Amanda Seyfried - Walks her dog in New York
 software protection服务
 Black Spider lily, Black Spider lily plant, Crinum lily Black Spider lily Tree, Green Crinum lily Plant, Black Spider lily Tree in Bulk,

**Task to complete**:
Copy each line of the data above exactly as it appears.

**Expected answer**:
Amanda Seyfried - Walks her dog in New York
 software protection服务
 Black Spider lily, Black Spider lily plant, Crinum lily Black Spider lily Tree, Green Crinum lily Plant, Black Spider lily Tree in Bulk,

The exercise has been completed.